Nintendo also cannot seriously contest that SMG could meaningfully obtain this relief other than by seeking a writ of mandamus. By the time an appeal here could be taken, the trial would be over, and SMG would have gone through the litigation without the counsel of its choice. Mandamus thus acts as a safety valve to prevent such irreparable harm if appropriate circumstances are presented. See Mohawk Indus., Inc. v. Carpenter, 130 S.Ct. 599, 608 (2009).
Footnote 1. The Supreme Court has described the circumstances in which an order disqualifying counsel could be reviewed on direct appeal, stating that, "should the Court of Appeals conclude after the trial has ended that permitting continuing representation was prejudicial error, it would retain its usual authority to vacate the judgment appealed from and order a new trial." Firestone Tire & Rubber Co. v. Risjord, 449 U.S. 368, 378 (1981). In other words, it appears as though a showing of prejudice would be required. Practically speaking, it would be very difficult to demonstrate prejudice absent some sort of misconduct on the part of counsel.

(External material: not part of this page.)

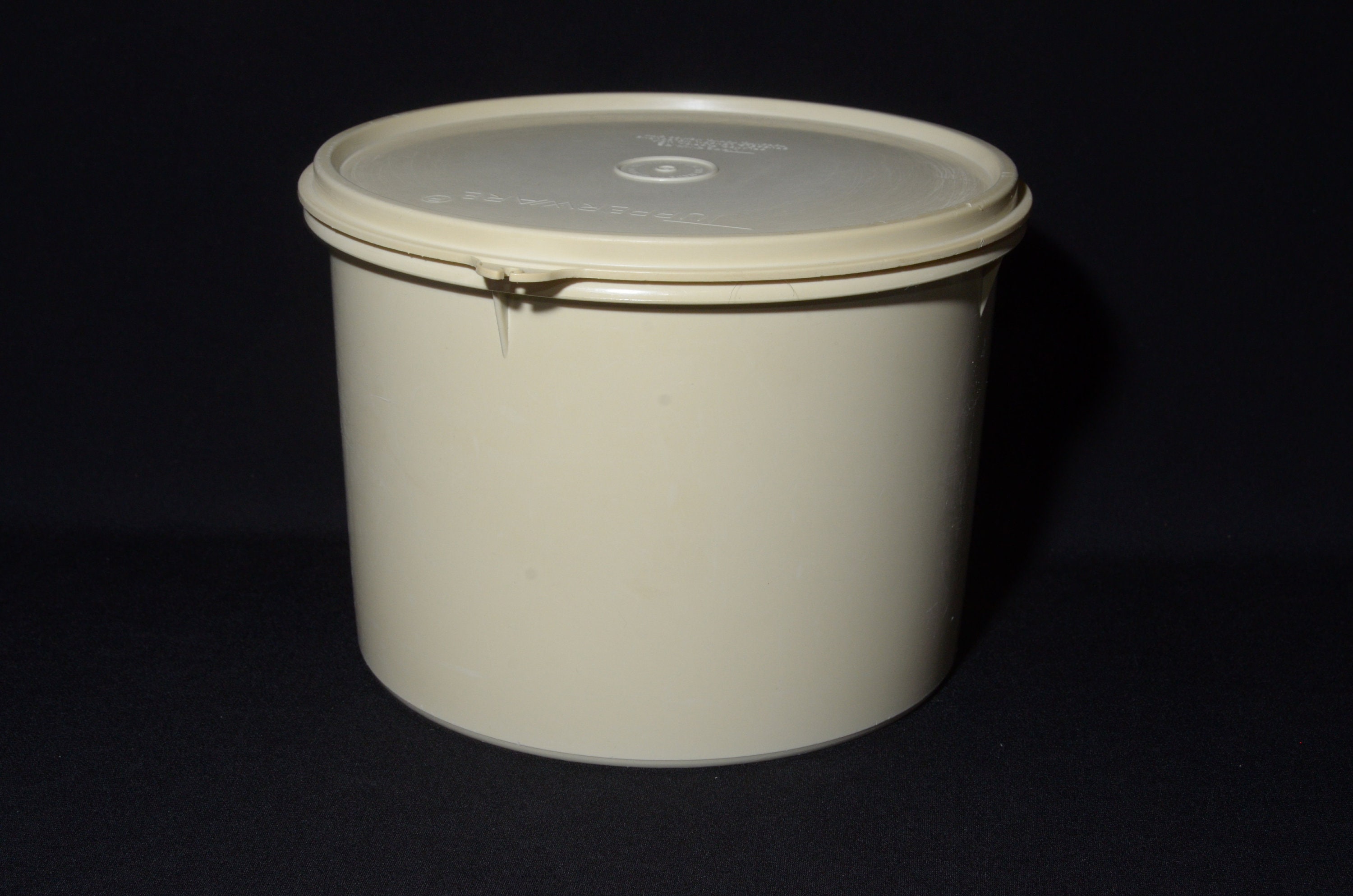 ヴィンテージ タッパーウェア アーモンド ラウンドコンテナ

***SMG argues that the district court erred by granting Nintendo's motion for disqualification. SMG contends that the motion was precluded by the waiver-of-conflict provision in the Lonestar Joint Defense Agreement. According to SMG, the Agreement clearly intended to bar Nintendo from seeking to disqualify "respective counsel" like Cooper who subsequently left one of the parties or its counsel to join another company or law firm. That waiver provision, set forth in Paragraph 6 of the Joint Defense Agreement, provides:
The parties expressly acknowledge and agree that nothing in this Agreement, nor compliance with the terms of this Agreement by either party, shall be used as a basis to seek to disqualify the respective counsel of such party in any future litigation.
***We agree with SMG's interpretation. As an initial matter, while challenging SMG's reading of the Joint Defense Agreement, Nintendo cannot dispute that these types of waiver provisions are enforceable where, as here, there is a non-attorney-client relationship (Cooper did not represent Nintendo in the Lonestar litigation) involving sophisticated parties. See generally Model Rules of Prof'l Conduct 1.7 cmt. 22 (noting "if the client is an experienced user of the legal services involved and is reasonably informed regarding the risk that a conflict may arise, such consent is more likely to be effective").
Even in attorney-client situations, general rules of professional legal conduct recognize that in certain circumstances it is not only proper but beneficial for parties to contractually consent to a waiver of future conflicts of interest. See Restatement (Third) of the Law Governing Lawyers, § 122 cmt. D (2000) ("[T]he gains to both lawyer and client from a system of advance consent to defined future conflicts might be substantial."); see generally Model Rules of Prof'l Conduct 1.7 cmt. 22 (recognizing the appropriateness of contracting advanced waivers of conflicts of interest). Moreover, courts applying California law, which governs motions to disqualify counsel, In re Cnty. of Los Angeles, 223 F.3d at 995, have generally recognized the enforceability of advanced waiver of potential future [*10] conflicts, even if the waiver does not specifically state the exact nature of the future conflict, see Visa U.S.A., Inc. v. First Data Corp., 241 F.Supp.2d 1100, 1105 (N.D. Cal. 2003).